- 22 May 02
Cork Independent outfit The Waiting Room have just released their debut album Losing Patience, yet they're quite prepared to hold on to the day jobs for a little while yet as Marc O'Sullivan discovers
At eight o’clock on a Sunday evening, Cork city centre is oddly quiet. The few passersby on Union Quay cast glances at the upstairs windows of the Lobby Bar, where Waiting Room are running through the sound check for tonight’s gig. The occasion is the launch of their debut album, Losing Patience, which they recently finished recording at Secret Garden Studio.
Waiting Room are Nigel on guitar and vocals, Dave on bass, Laois on violin and vocals, and Wayne on drums. In keeping with what is fast becoming a local tradition, they eschew use of their surnames. So too does Chloe, who, as well as being sound engineer for tonight’s gig, took charge of recording the album and contributed piano to the instrumental ‘7lb 6oz’.

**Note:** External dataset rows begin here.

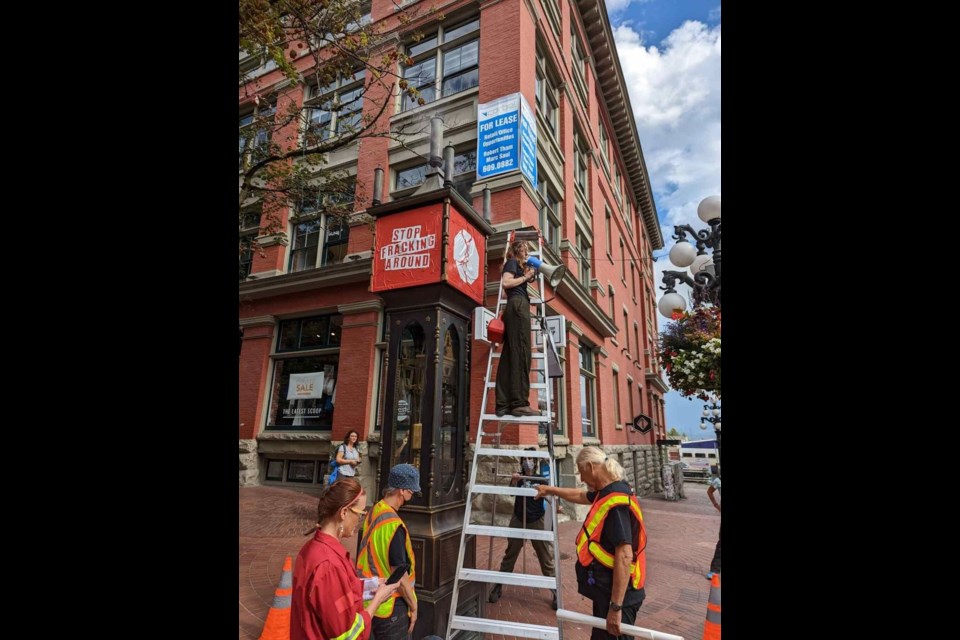 A protester stands on a ladder with a megaphone beside the Gastown Steam Clock. 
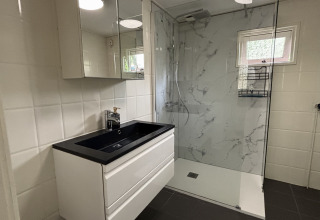 Moderne badkamer met zwarte wastafel, spiegelkast en douche in Cozy Lodge, Bungalowpark Het Verscholen Dorp.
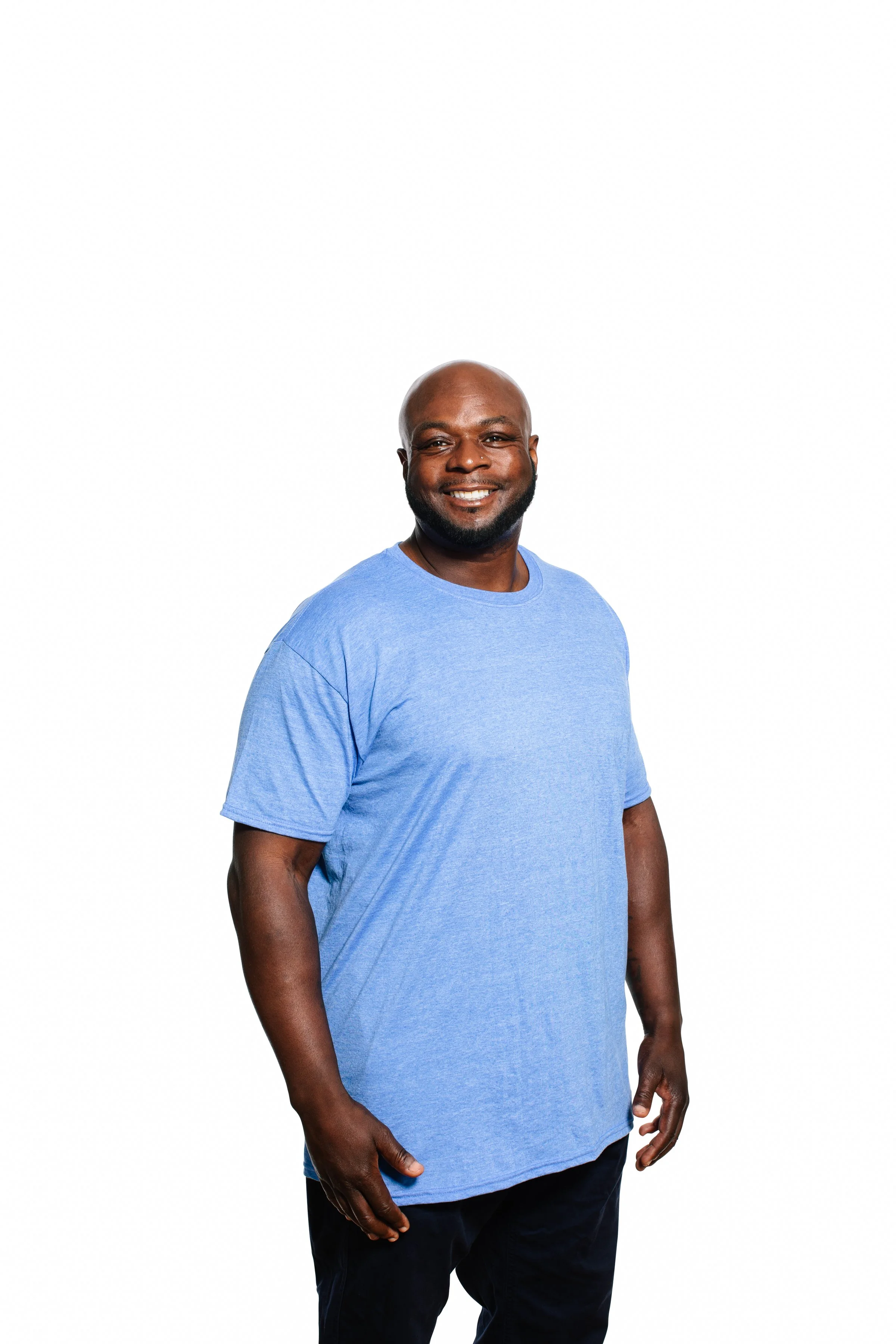 Smiling man with a shaved head and beard wearing a light blue T-shirt and black pants, standing against a plain white background.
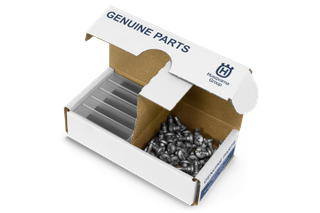 Top view of a box labeled 'Genuine Parts' containing small metal components, with Husqvarna Group branding.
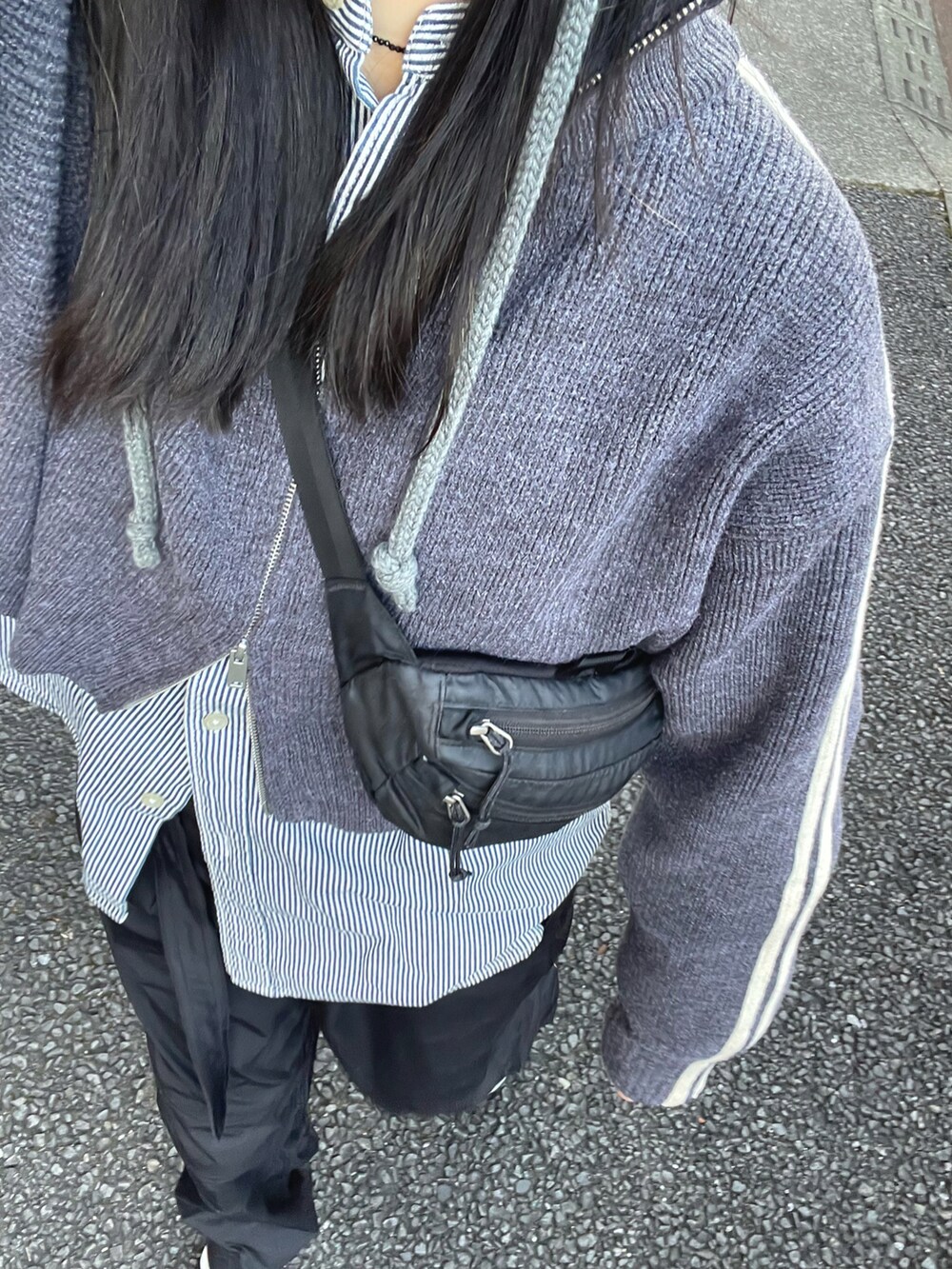 グレー系のニット/セーター、ホワイト系のスニーカー、グレー系のニットキャップ/ビーニーを着用したレディースの冬コーディネートの3枚目の写真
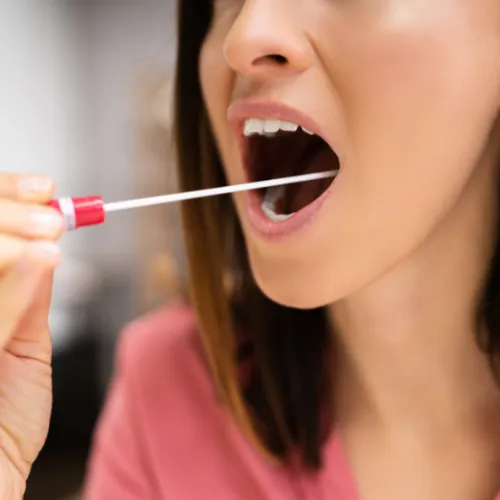 a cat sleeping on top of a black table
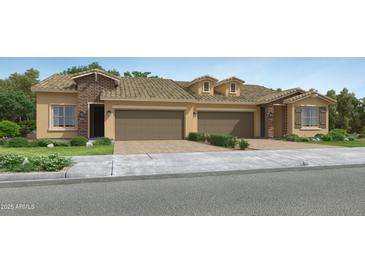 Charming two-story townhome with a brick facade and a two-car garage with a driveway at 17375 W Whispering Wind Rd, Surprise, AZ 85387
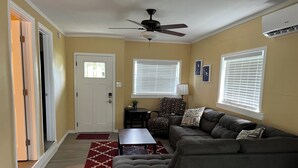 A living room with a gray sectional sofa, a red patterned rug, a ceiling fan, and a door with a window. - Newly Remodeled Weeki Wachee River Retreat (Spring Hill)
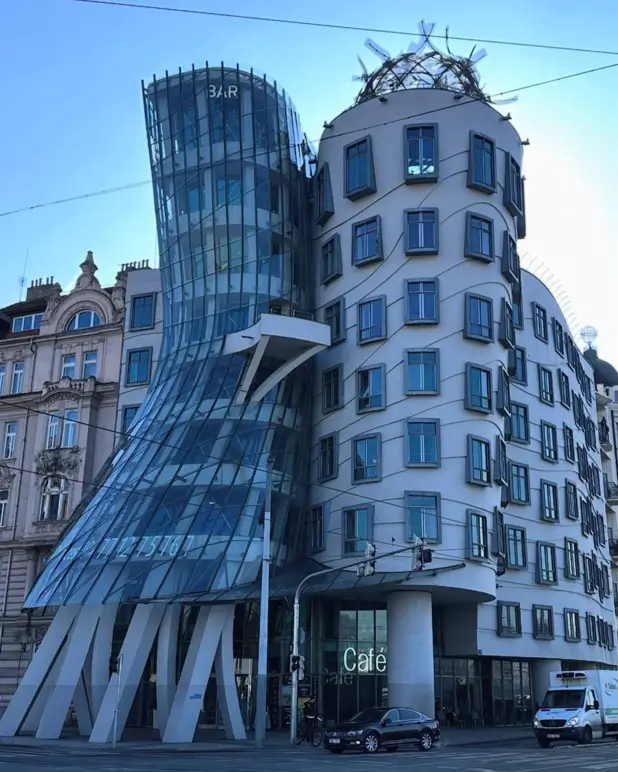 An architectural idea of a modern building with dynamic, fluid glass curves contrasting with a solid tower.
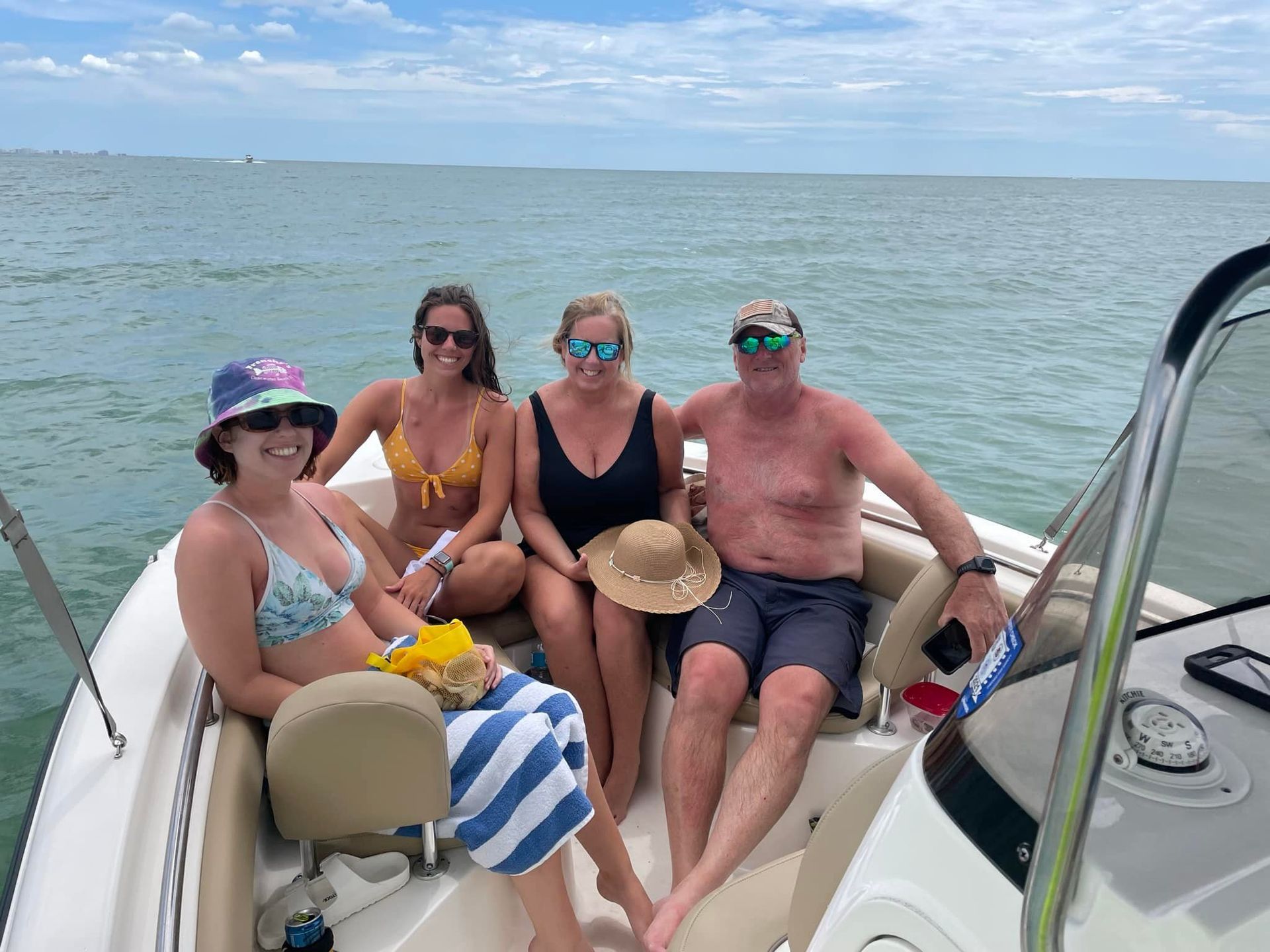 A group of people are sitting on a boat in the ocean.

Apart from Dave’s composition, the aforementioned ‘7lb 6oz’, all the tracks on Losing Patience were written by Nigel. “They’re all about personal experiences, mood swings,” he says of their subject matter. “It’s not as if I read something in the paper and then write a song about it or anything.”
Waiting Room’s sound is marked by its melodic guitars and murmured vocals. Apart from Laois’s otherworldly violin, the effect is not unlike that produced by the late, and much lamented, Stars of Heaven, a band neither Nigel nor Dave is old enough to remember. However, both readily cite contemporary Irish acts like the Frames, the Redneck Manifesto and the Jimmy Cake as influences. “Outside of them,” says Nigel, “we all like Radiohead, Mercury Rev, Ben Harper and a lot of the ’60s singer/songwriters.”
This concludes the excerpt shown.